Asteroids whizz past Earth on a regular basis, and thankfully they're usually only a few meters wide. But next month we're due for a close encounter with a monster space rock measuring 4.4 km (2.7 mi) across, making it the largest near-Earth object (NEO) to come this close to the planet since NASA began tracking them almost 20 years ago.
NASA and other agencies began tracking potentially hazardous objects in 1998, in order to give us enough warning to send up Bruce Willis (or a pair of orbit-altering probes). Since then, over 16,000 NEOs have been spotted, and although none have been found to be on a collision course, it's best to be prepared: as the 20-m (66-ft) Chelyabinsk meteor demonstrated in 2013, even a relatively small rock can wreak havoc.
But it's the really big ones that we need to keep a close eye on. Anything larger than 1 km (0.6 mi) could trigger planet-wide, life-extinguishing chaos, and by NASA's most recent count, there are over 880 of these monsters zipping around our neighborhood. At 4.4 km in size, asteroid Florence is one of the biggest, and if it were ever to crash into Earth it would be a swift Game Over for humanity.
Luckily, although it's about to make its closest pass on record, NASA says there's no chance of a collision this time, or at any point in at least the next 500 years. Florence will whip past on September 1 at a distance of 7 million km (4.4 million mi), or about 18 times the distance between Earth and the Moon.
"While many known asteroids have passed by closer to Earth than Florence will on September 1, all of those were estimated to be smaller," says Paul Chodas, manager of NASA's Center for Near-Earth Object Studies (CNEOS). "Florence is the largest asteroid to pass by our planet this close since the NASA program to detect and track near-Earth asteroids began."
Florence will be visible to small telescopes for a few nights in late August and early September, and astronomers are planning to use the opportunity to observe the asteroid more closely.
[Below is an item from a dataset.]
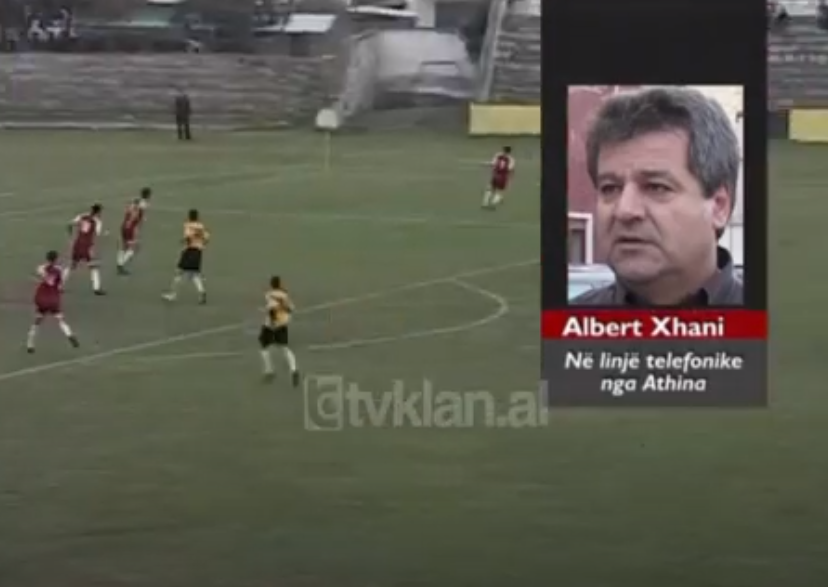 Partizani në krizë, presidenti Albert Xhani në lidhje telefonike nga Athina &#8211; (23 Janar 2009)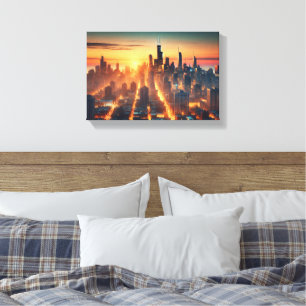City Lights Awakening Canvas Print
The Goldstone Solar System Radar in California and the Arecibo Observatory in Puerto Rico will both be used to capture radar images of Florence to get a more accurate reading of its size and surface details, down to a scale of about 10 m (30 ft).
Earth is in for a far closer shave in October, as asteroid 2012 TC4 brushes past within 50,100 km (31,130 mi) or just 0.13 lunar distances. But this rock is much smaller, measuring only 15 m (49 ft) across.